Lebih jauh lagi ditambahkan bahwa dengan tumbangnya pohon Aswata dan dicapainya budi luhur maka rasa jenis akan pudar, rasa aku akan melebur, rasa diri akan luluh, rasa diri akan menjadi rasa bersama, kesadaran akan adanya tepi menjadi rasa ditengah yang berimpit dengan semuanya. Ketakutan dan kekhawatiran akan hilang menjadi teguh. Keragu-raguan akan berubah menjadi pasti. Kebencian akan berubah menjadi cinta. Karena dia telah menginjak pada taraf kesejatian jiwa.
Oleh karena itu Semar dilukiskan bukan laki-laki juga bukan perempuan.
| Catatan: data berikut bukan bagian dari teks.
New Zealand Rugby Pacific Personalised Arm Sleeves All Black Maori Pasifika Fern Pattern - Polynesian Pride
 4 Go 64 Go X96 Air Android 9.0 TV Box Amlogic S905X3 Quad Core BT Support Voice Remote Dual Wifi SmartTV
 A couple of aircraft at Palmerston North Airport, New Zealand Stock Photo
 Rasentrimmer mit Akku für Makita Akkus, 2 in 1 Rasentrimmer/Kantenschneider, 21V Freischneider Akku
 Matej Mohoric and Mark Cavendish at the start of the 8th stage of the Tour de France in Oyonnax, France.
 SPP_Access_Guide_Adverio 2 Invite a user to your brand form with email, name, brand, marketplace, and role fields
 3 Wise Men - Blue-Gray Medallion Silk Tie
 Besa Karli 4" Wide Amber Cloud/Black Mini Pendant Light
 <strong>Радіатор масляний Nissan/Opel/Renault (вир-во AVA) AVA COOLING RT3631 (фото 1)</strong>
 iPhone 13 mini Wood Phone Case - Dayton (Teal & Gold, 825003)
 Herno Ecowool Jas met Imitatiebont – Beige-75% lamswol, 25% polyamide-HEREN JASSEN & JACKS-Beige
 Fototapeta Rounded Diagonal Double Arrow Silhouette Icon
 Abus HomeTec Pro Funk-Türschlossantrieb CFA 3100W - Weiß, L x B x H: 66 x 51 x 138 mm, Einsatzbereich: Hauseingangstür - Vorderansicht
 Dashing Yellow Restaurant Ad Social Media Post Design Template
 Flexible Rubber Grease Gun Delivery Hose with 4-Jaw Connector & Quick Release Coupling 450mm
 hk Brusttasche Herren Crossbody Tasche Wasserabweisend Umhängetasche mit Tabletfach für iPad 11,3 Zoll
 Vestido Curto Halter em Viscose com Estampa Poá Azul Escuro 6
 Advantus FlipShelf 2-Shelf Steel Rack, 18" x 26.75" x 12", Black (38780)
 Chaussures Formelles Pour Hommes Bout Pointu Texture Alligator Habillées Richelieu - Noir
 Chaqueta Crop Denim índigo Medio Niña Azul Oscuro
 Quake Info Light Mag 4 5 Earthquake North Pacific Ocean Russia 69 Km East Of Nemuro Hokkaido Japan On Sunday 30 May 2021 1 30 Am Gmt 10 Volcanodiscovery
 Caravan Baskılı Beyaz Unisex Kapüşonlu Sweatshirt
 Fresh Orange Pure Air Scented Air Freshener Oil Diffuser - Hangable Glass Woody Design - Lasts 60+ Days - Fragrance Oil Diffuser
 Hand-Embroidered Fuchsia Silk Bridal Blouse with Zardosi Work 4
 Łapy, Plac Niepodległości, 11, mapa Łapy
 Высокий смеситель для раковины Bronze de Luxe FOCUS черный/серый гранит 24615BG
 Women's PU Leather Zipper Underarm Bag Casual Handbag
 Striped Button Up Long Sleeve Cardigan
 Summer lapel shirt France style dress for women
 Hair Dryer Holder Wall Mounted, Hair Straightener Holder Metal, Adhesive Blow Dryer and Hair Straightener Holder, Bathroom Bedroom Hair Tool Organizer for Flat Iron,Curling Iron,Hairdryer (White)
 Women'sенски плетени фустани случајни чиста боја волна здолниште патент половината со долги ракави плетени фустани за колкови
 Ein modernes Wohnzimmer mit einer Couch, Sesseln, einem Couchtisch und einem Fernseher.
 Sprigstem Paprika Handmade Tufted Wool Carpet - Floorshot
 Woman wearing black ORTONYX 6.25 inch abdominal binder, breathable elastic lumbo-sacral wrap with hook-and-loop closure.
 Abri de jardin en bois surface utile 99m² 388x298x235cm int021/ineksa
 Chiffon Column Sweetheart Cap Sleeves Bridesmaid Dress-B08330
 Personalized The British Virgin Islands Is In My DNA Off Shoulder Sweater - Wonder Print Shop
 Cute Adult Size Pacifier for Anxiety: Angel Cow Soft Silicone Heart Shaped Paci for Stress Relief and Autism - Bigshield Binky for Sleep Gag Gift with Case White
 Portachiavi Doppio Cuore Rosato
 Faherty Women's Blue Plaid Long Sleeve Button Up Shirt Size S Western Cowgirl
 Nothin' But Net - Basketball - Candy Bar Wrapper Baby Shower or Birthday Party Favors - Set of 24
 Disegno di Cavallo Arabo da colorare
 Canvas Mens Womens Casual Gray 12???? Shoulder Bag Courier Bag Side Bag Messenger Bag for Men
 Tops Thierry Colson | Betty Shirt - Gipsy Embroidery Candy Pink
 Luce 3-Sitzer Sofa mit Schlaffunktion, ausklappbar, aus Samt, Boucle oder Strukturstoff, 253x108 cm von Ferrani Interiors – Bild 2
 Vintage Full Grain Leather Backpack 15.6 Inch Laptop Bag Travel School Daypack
Di dalam kekhusukan sembahyang atau di dalam puncak Semadhi terkilatlah perasaan ini dimana benteng ke Akuan telah disinarkan menginjak ambang rasa Sejati. Itulah batas antara gelap dan terang. Batas antara maya dan nyata, karena Semar masih berfungsi sebgai Panakawan dari Pandawa. Karena Semar masih berdiri pada ambang. Oleh karena itu Semar disebut Semar yang berarti samar, batas antara gelap dan terang. Apabila jenjang itu ditinggalkan dan melangkah pada Rasa Sejati, Semar akan lenyap menjadi Sang Hyang Ismaya.
Samar disebut juga Badranaya, Badra berarti susah, Naya berarti mengawasi. Maka Badra Naya berarti yang mengawasi kesusahan. Atau yang menaklukkan kesusahan. Kesusahan atau penderitaan adalah buah dari pohon Aswata atau nafsu. Kesusahan hanyalah dapat dikalahkan oleh sikap luhur dari jiwa, ialah gabungan dari keempat sikap jiwa yang diperankan oleh putera-putera Semar. Oleh karena itu Badra Naya adalah Semar.
Badra Naya dapat mengalahkan nafsu-nafsu oleh karena itu Badra Naya bertugas mengawasi nafsu. Oleh karena itu Badra Naya menjadi Panakawan dari Pandawa.